Artbite #8 – Commission and expression can both be good parents of creativity

Commission and expression are both good parents of creativity.
This became a little clearer to me after reading a recent comment by Robert Dickhoff, that:
Art made to order [doesn’t have] the same value as art made for love.

I replied:
Robert, I think the world is more nuanced than that. Art seems to me to be about overcoming the obstacles that first prevent its creation, then the details of design or process that limit its potential. Once the inevitable limitations (perhaps parameters is a better word in some instances) have been identified, then the work can begin to develop from an inevitably individual combination of each artist’s search for a personal truth, aspiration and commercial situation (if any).
I believe that a significant body of J S Bach’s sublime works were made under the duress of having to compose regularly for the choir of which he was master, under contract as it were.
Is a screenplay necessarily less complete as an artwork because it is commissioned, and further because it can only exist as part of a collaboration?
Dickens wrote many of his novels to order as serials in a newspaper, so was certainly writing to fulfil a quota.
Mention any significant painters’ significant works and the myriad of factors at play between creation and consumption are evident.

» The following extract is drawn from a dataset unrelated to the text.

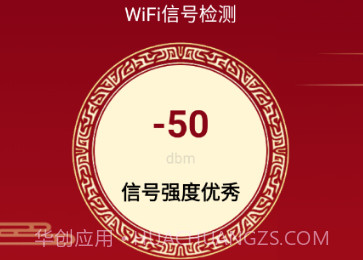 福龙WiFiv2.0.7截图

I want to use Picasso and Velazquez, as Guernica and Las Meninas both hang in Madrid, are painted by Spanish painters commenting on the apparatus of a state at war and on the reporting of the actualities of war. Both these affecting and effective paintings are monumental, almost certainly the masterpieces of their makers and each would require a thesis to untangle the precise circumstances of their status on the scale between commission and personal outpouring of that mixture of skill, raw ability and political and commercial nous.

All art requires collaborations, at the very least between artist and viewer, to exist at all.